Correlation Between Stepstone and Getty Copper
Can any of the company-specific risk be diversified away by investing in both Stepstone and Getty Copper at the same time? Although using a correlation coefficient on its own may not help to predict future stock returns, this module helps to understand the diversifiable risk of combining Stepstone and Getty Copper into the same portfolio, which is an essential part of the fundamental portfolio management process.
By analyzing existing cross correlation between Stepstone Group and Getty Copper, you can compare the effects of market volatilities on Stepstone and Getty Copper and check how they will diversify away market risk if combined in the same portfolio for a given time horizon. You can also utilize pair trading strategies of matching a long position in Stepstone with a short position of Getty Copper. Check out your portfolio center. Please also check ongoing floating volatility patterns of Stepstone and Getty Copper.
Diversification Opportunities for Stepstone and Getty Copper
0.0 | Correlation Coefficient |
Pay attention - limited upside
The 3 months correlation between Stepstone and Getty is 0.0. Overlapping area represents the amount of risk that can be diversified away by holding Stepstone Group and Getty Copper in the same portfolio, assuming nothing else is changed. The correlation between historical prices or returns on Getty Copper and Stepstone is a relative statistical measure of the degree to which these equity instruments tend to move together. The correlation coefficient measures the extent to which returns on Stepstone Group are associated (or correlated) with Getty Copper. Values of the correlation coefficient range from -1 to +1, where. The correlation of zero (0) is possible when the price movement of Getty Copper has no effect on the direction of Stepstone i.e., Stepstone and Getty Copper go up and down completely randomly.
Pair Corralation between Stepstone and Getty Copper
If you would invest 5,543 in Stepstone Group on September 18, 2024 and sell it today you would earn a total of 821.00 from holding Stepstone Group or generate 14.81% return on investment over 90 days.

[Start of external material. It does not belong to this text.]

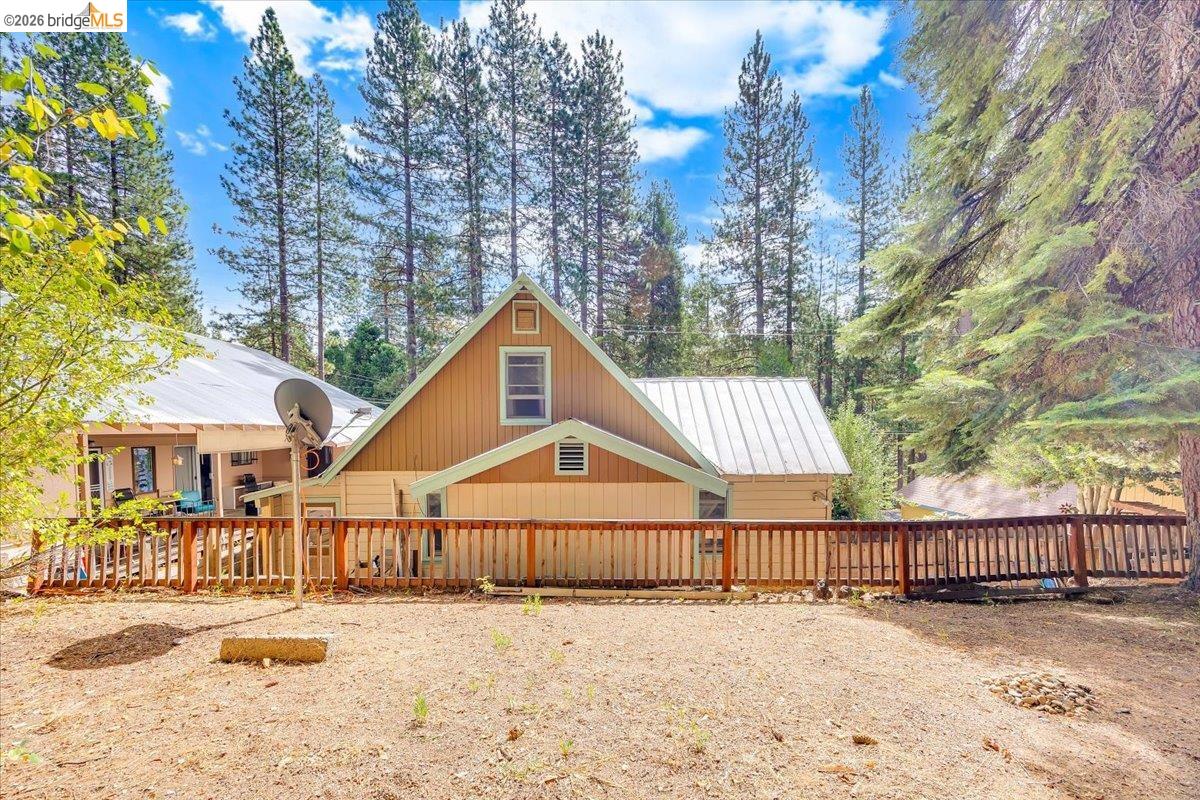 26144 Long Barn Road Long Barn, CA 95335 - Photo 39 of 42 Gable roofline, metal roofing, wood siding, wood deck, and surrounding mature trees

Time Period | 3 Months [change] |
Direction | Flat |
Strength | Insignificant |
Accuracy | 98.44% |
Values | Daily Returns |
Stepstone Group vs. Getty Copper
Performance |
Timeline |
Stepstone Group |
Getty Copper |
Stepstone and Getty Copper Volatility Contrast
Predicted Return Density |
Returns |
Pair Trading with Stepstone and Getty Copper
The main advantage of trading using opposite Stepstone and Getty Copper positions is that it hedges away some unsystematic risk. Because of two separate transactions, even if Stepstone position performs unexpectedly, Getty Copper can make up some of the losses. Pair trading also minimizes risk from directional movements in the market. For example, if an entire industry or sector drops because of unexpected headlines, the short position in Getty Copper will offset losses from the drop in Getty Copper's long position.The idea behind Stepstone Group and Getty Copper pairs trading is to make the combined position market-neutral, meaning the overall market's direction will not affect its win or loss (or potential downside or upside). This can be achieved by designing a pairs trade with two highly correlated stocks or equities that operate in a similar space or sector, making it possible to obtain profits through simple and relatively low-risk investment.Getty Copper vs. Qubec Nickel Corp | Getty Copper vs. IGO Limited | Getty Copper vs. Focus Graphite | Getty Copper vs. Mineral Res |
Check out your portfolio center.Note that this page's information should be used as a complementary analysis to find the right mix of equity instruments to add to your existing portfolios or create a brand new portfolio. You can also try the Idea Breakdown module to analyze constituents of all Macroaxis ideas. Macroaxis investment ideas are predefined, sector-focused investing themes.